The Petabyte Project, the Most Valuable Idea

I'm setting a goal: I want to be able to iterate through 1 petabyte worth of data in a few minutes.

1 petabyte, 1,000,000 gigabytes, all iterated through in 5 minutes. Per-gigabyte, that's a total allocated time of 0.0003 seconds per-gigabyte required to pull this stunt off... That's O(1) time! Although this is a ridiculous goal, I'm setting my optimism up to be crushed so we can have some fun and experiment with indexing and caching technologies. No caveats. This is my goal, but it doesn't have to succeed!

Note that this article/idea is evolving, and I'll be editing/appending to the content of it over time. So please follow and watch out for new updates as I progress on this problem.

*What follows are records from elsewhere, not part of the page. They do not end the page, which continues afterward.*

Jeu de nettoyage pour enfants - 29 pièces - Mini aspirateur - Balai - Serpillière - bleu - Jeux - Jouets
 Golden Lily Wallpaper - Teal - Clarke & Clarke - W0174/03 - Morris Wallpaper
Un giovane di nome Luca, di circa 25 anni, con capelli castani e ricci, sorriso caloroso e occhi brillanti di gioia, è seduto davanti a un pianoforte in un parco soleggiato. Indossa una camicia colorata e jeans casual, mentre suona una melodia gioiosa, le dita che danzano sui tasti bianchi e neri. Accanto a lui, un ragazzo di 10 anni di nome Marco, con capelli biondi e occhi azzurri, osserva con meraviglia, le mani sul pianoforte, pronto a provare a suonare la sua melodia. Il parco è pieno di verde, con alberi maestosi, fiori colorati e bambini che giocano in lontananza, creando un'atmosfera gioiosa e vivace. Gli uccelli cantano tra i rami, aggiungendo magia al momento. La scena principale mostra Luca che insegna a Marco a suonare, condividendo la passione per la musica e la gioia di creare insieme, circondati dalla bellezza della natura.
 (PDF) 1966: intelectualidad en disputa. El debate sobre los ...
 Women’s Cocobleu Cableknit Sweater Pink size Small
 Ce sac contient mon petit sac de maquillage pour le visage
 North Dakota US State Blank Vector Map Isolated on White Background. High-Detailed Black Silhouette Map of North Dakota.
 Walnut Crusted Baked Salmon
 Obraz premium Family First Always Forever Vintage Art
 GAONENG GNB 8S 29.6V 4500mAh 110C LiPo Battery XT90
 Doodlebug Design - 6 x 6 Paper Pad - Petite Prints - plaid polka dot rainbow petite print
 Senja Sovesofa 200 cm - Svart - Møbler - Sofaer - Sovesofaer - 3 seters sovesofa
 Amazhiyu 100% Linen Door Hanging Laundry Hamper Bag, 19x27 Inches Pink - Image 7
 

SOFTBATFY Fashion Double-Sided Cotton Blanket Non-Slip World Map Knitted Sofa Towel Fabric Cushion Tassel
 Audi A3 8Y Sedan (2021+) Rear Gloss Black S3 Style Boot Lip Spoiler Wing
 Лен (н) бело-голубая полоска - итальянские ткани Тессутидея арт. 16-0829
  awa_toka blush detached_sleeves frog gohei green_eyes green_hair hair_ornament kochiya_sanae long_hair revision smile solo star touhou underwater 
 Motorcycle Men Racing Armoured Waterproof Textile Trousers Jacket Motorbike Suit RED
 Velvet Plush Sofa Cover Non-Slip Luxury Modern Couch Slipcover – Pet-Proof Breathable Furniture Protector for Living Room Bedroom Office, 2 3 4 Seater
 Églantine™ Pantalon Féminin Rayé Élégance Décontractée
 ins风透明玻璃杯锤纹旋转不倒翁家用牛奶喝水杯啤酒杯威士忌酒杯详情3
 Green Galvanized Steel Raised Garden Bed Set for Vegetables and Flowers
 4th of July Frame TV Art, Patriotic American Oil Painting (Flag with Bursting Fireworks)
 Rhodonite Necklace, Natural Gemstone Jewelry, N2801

Where did this idea come from?

Nambucca Heads

As I was driving along the highway to the beautiful Nambucca Heads in the Mid-North coast of Australia for a meeting, I had the windows down, sharp sunglasses on, and a rivetting DataBricks lecture playing. During this lecture, they talked about the "separation of compute and storage" (hilarious) - which is a wonderful way to sum-up the cloud revolution: separation, and elasticity. At this point, I knew something I had not yet admitted: YDP would NOT be a storage company, because every other cloud platform under the sun had conquered that, and invested the billions to facilitate that. From there, I realized YDP could host users data on S3, or import from S3 - which is no revolution.

BUT... what if our "data lake" (a term used a lot in that lecture) could use some ground-up innovations in order to attempt to make iterating through "big data" easier? Instead of trying to provide the "aggregator" and "house", we can plug-in these and provide an incredibly powerful set of tools for developers (built by developers) to solve big-data problems. From there, I thought of...

PolyTrace, and Iterators

Don't get scared... These ideas aren't crazy or unique, they're just a unique application of them to this problem. To summarize before digging deeper, these ideas can be described as:

  • PolyTrace: the ability to modify a few classes in Python, provide them to a user, and record their interaction with them in order to get an "access history".
  • Iterators: everyone in Python loves them, but this is an attempt to expand their use into structures not often assosiated with them.
  • PolyIndex: the ability to index a polymorphic sequence into a flat string.

Big Data and PolyTrace

What is PolyTrace? Well, for one thing, it's a concept name... But what problem does it solve? Well, in YDP, we're already primed with providing the user pseudo-elements. Users can think they're interacting with something, but in reality be interacting with something else. But, YDP makes it work.

PolyTrace is an excellent example: a user may want to import and iterate over a large, 15gb JSON file. Say they do:

*user wants big_data, and will save avg_age as a dataset*

avg_age = []

for row in big_data:
    # row = [123, {"name": "Jack Hales", "age": 22}]
    id = row[0]
    user_data = row[1]
    name = user_data["name"]
    age = user_data["age"]

avg_age = sum(avg_age) / len(avg_age)
print(f"Average age of our user-base is {avg_age}")

(In reality, an iterative "big data" approach would use an iterative algorithm to solve this problem if it was pulling it all in to compute in a single node.)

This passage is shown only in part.